Ich merke, dass die kleinen, noch aufgebauten Weihnachtslichter gerade jetzt nach dem Fest und kurz vor dem Jahresende in besonderer Weise weiter nachklingen. Im Schimmer der kleinen Sterne und Lichterketten wandern wir weiter durch die dunklen Straßen. Irgendwo hört man das Zischen einer abgefeuerten Silvesterrakete und der Himmel wird durch einen Schauer aus gold-glitzernden Funken und Lichtfäden erhellt. Gemeinsam erinnert man sich daran, wie schön die Tage im Kreis der Familie waren und welche kleineren und größeren Hürden das Jahr 2021 mit sich brachte. Es ist schon eigenartig, was für ein Gefühl aus Freude und Nachdenklichkeit die kleinen Lämpchen bei mir auslösen. Aber vielleicht ergeht es anderen ja ähnlich. Die Tradition der Weihnachtslichter lädt die Menschen dazu ein, der Hektik des Alltags zu entfliehen und sich sowohl auf die Bedeutung von Weihnachten als auch auf die schönen und möglicherweise auch weniger schönen Erlebnisse des fast vergangenen Jahres zu besinnen.

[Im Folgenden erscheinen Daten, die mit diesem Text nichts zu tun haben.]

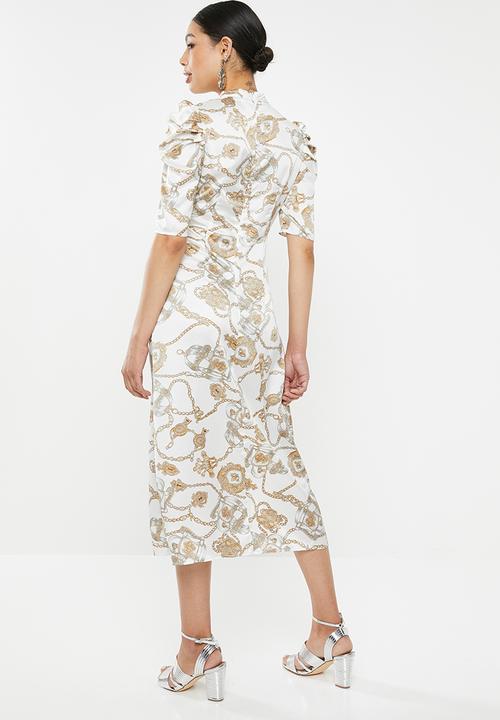 Missguided - High neck chain print aline midi - white & gold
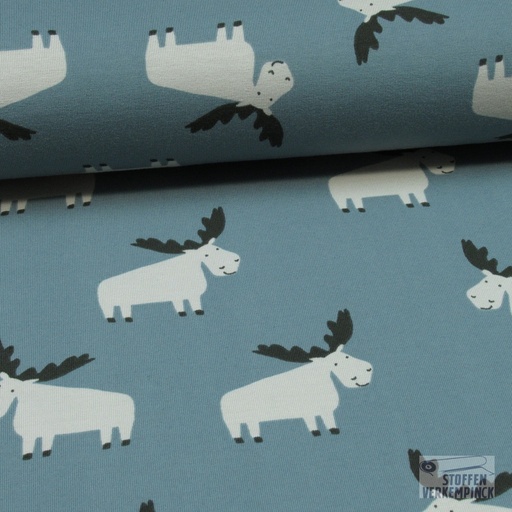 [VE-06241-003] Jersey Katoen Eland Oud Blauw
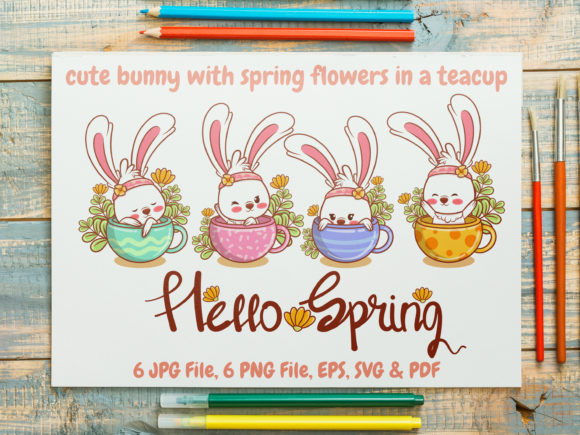 Why Cute Bunny with Flower Cups Graphics Is a Standout Brand Asset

Stundenlang könnte ich, beinahe mit kindlicher Freude, den festlich beleuchteten Baum in der Wohnstube betrachten oder aus meinem Fenster auf die kleinen Lichtpunkte in der Straße blicken. Für mich ist es die Tradition der Weihnachtslichter auf jeden Fall wert, einmal diese kleine Liebeserklärung zu schreiben. Auch wenn Weihnachtssterne, Lichterketten und Schwippbögen bald wieder in Kisten und auf Dachböden verschwinden, wünsche ich allen webmoritz.-Leser*innen für das neue Jahr, dass die schöne Stimmung der Weihnachtslichter auch in den kommenden Wochen noch etwas nachklingen möge.